For example, for the operating system log, the preset white list keywords are: "ICMP Error", "nfsidmap", "system-tmples", "sshd", "ABRT", "syslog-ng", "ASA-4-313005", "nslcd", "a 2-buffer", "A2-RT-", "A2-SEC-FW-", "A2-SW-", "A2-VPN-FW-", "FG 1500D-", "vif-", "su", "mail", "nslcd [", "usb", "hub", "sfcb [," ETIMEDOUT "," is not allowed "," readpatch Error "," Unoverned read Error "," Medium Error "," nfidmap "," sys-tmples "," cross "" and "" cross "" address " "time out", "type", "cluster", "dna-data-Error", "CIDR", "circle", "Cannot bound user", "dbus", "use the force", "Deny", "kubel", "OCI", "synchronizing", "stream copy", "mfsc chunk", "club-system", "TLS handover hash", "system-d-location", "controller-manager", "Cannot extract a stored", "command-b-command & c", "lcd _ tah _ entry _ location", "Starting Switch roll", "Starting", "Error correction", "TACACS _ ROR _ MESSAGE _ admixture DEVICESCAN", "Harvest _ Hardware DEVICESCAN", "Hardware Switch mounted", "Hardware-", when log data in a message queue corresponding to an operating system log are detected and matched with the white list keyword, the log does not need to be concerned, is irrelevant to an alarm and can be ignored during alarm processing, and the log is determined to be an alarm irrelevant log; the set blacklist keywords are: "failed", "error", "err", "face", "fail", "refused", "hash", "coast", "panic", "File system full", "Out of memory", "Critical", "reboot", "read-only", "blocked", "FAULT", "reset", "bond0: link status definition up for interface", "nf _ conntrack: table full", "table overflow", when the log data in the message queue corresponding to the operating system log is detected to match the blacklist keyword, it indicates that the log is the alarm log that is triggered certainly. And setting the priority of the blacklist keywords to be higher than that of the white list keywords, and determining that the log still must trigger an alarm log when the blacklist keywords and the white list keywords simultaneously appear in the log.

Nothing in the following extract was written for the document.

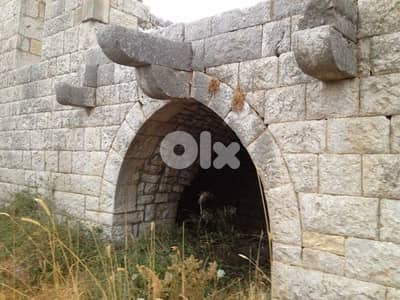 Land and Old House for Sale – Kfarakab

In addition, a keyword containing security concern is set for the operating system log, specifically: when the keyword containing the security concern is detected and matched based on log data in a message queue corresponding to the operating system log, a security mark is marked on the log for subsequent log analysis processing.
For example, for the load balancing log, the preset white list keywords are: "nella-plus", "falcon-control", "bh.pajk-ent.com", "proxy _ temp", "temporal", "try-es-cube-log", "try-es-log", "dubbo-dubbo-admin", "ultra-magnus", "oceans", "try", "chihuahuahuahuahua", "skyline", "fz-zhongdian", "polestar" and "/hive/", when detecting that the log data in the message queue corresponding to the load balancing log matches the white list keyword, it means that the log does not need to be concerned and is irrelevant to the alarm, and when the alarm processing can be ignored, the log is determined to be an alarm irrelevant log; for example, when detecting that the relevant key word "upstream timed out" or "Connection returned" in the log data corresponding to the load balancing log indicates that the request is overtime or the link is rejected, the back-end service is unavailable, and an alarm needs to be triggered, when the log including the above key word is detected and matched with the white list key word, it is still determined that the log can be ignored during the alarm based on the white list key word. When keywords of 'inside-lb', 'api-lb' and 'out-lb' are detected and matched in the log, a load balancing mark is marked on the log; other keywords in the load balancing log and the server hardware log are not described in detail herein.
Further specifically, before the log to be analyzed including the warning keyword is screened out according to a preset warning keyword corresponding to the theme, the method further includes: matching and extracting the logs to be analyzed according to a preset host name format rule; when the host name cannot be extracted from the log to be analyzed, filtering the log to be analyzed; and when the host name is extracted from the log to be analyzed, reserving the log to be analyzed.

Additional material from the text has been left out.